Issues with unmountable BTRFS raid1 filesystem

linux-btrfs.vger.kernel.org archive mirror
 help / color / mirror / Atom feed

* Issues with unmountable BTRFS raid1 filesystem
@ 2015-10-05 12:30 Austin S Hemmelgarn
  2015-10-05 13:14 ` Hugo Mills
  0 siblings, 1 reply; 5+ messages in thread
From: Austin S Hemmelgarn @ 2015-10-05 12:30 UTC (permalink / raw)
  To: linux-btrfs

[-- Attachment #1: Type: text/plain, Size: 2204 bytes --]

I've been having issues recently with a relatively simple setup using a 
two device BTRFS raid1 on top of two two device md RAID0's, and every 
time I've rebooted since starting trying to use this particular 
filesystem, I've found it unable to mount and had to recreate it from 
scratch.  This is more of an inconvenience than anything else (while I 
don't have backups of it, all the data is trivial to recreate (in fact, 
so trivial that doing backups would be more effort than just recreating 
the data by hand)), but it's still something that I would like to try 
and fix.

First off, general info:
Kernel version: 4.2.1-local+ (4.2.1 with minor modifications, sources 
can be found here: https://github.com/ferroin/linux)
Btrfs-progs version: 4.2

I would post output from btrfs fi show, but that's spouting obviously 
wrong data (it's saying I'm using only 127MB with 2GB of allocations on 
each 'disk',  I had been storing approximately 4-6GB of actual data on 
the filesystem).

This particular filesystem is composed of BTRFS raid1 across two LVM 
managed DM/MD RAID0 devices, each of which spans 2 physical hard drives. 
  I have a couple of other filesystems with the exact same configuration 
that have not ever displayed this issue.

When I run 'btrfs check' on the filesystem when it refuses to mount, I 
get a number of lines like the following:
bad metadata [<bytenr>, <bytenr>) crossing stripe boundary

followed eventually by:
Errors found in extent allocation tree or chunk allocation

As is typical of a failed mount, dmesg shows a 'failed to read the 
system array on <device>' 'open_ctree failed'.

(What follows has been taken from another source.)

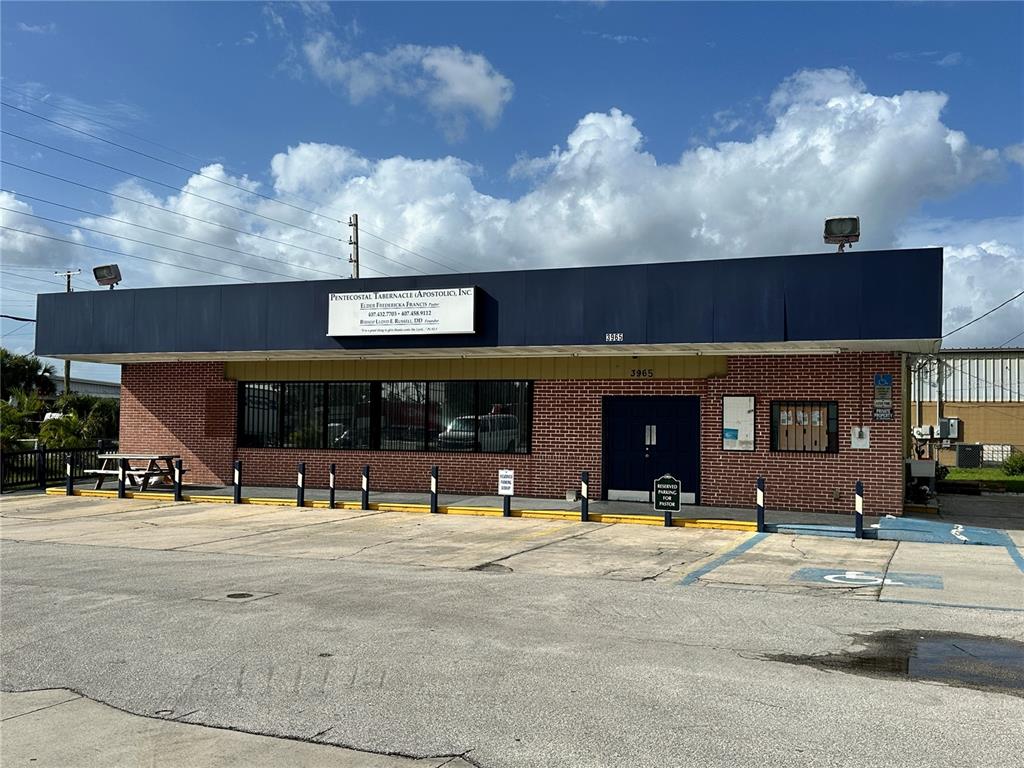 3965 SILVER STAR ROAD E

I doubt that this is a hardware issue because:
1. Memory is brand new, and I ran a 48 hour burn-in test that showed no 
errors.
2. A failing storage controller, PSU, or CPU would be manifesting with 
many more issues than just this.
3. A disk failure would mean that two different disks, from different 
manufacturing lots, are encountering errors on exactly the same LBA's at 
exactly the same time, which while possible is astronomically unlikely 
for disks bigger than a few hundred gigabytes (the disks in question are 
1TB each).

[-- Attachment #2: S/MIME Cryptographic Signature --]
[-- Type: application/pkcs7-signature, Size: 3019 bytes --]

^ permalink raw reply	[flat|nested] 5+ messages in thread

* Re: Issues with unmountable BTRFS raid1 filesystem
  2015-10-05 12:30 Issues with unmountable BTRFS raid1 filesystem Austin S Hemmelgarn
@ 2015-10-05 13:14 ` Hugo Mills
  2015-10-05 14:19   ` Austin S Hemmelgarn
  0 siblings, 1 reply; 5+ messages in thread
From: Hugo Mills @ 2015-10-05 13:14 UTC (permalink / raw)
  To: Austin S Hemmelgarn; +Cc: linux-btrfs

[-- Attachment #1: Type: text/plain, Size: 2574 bytes --]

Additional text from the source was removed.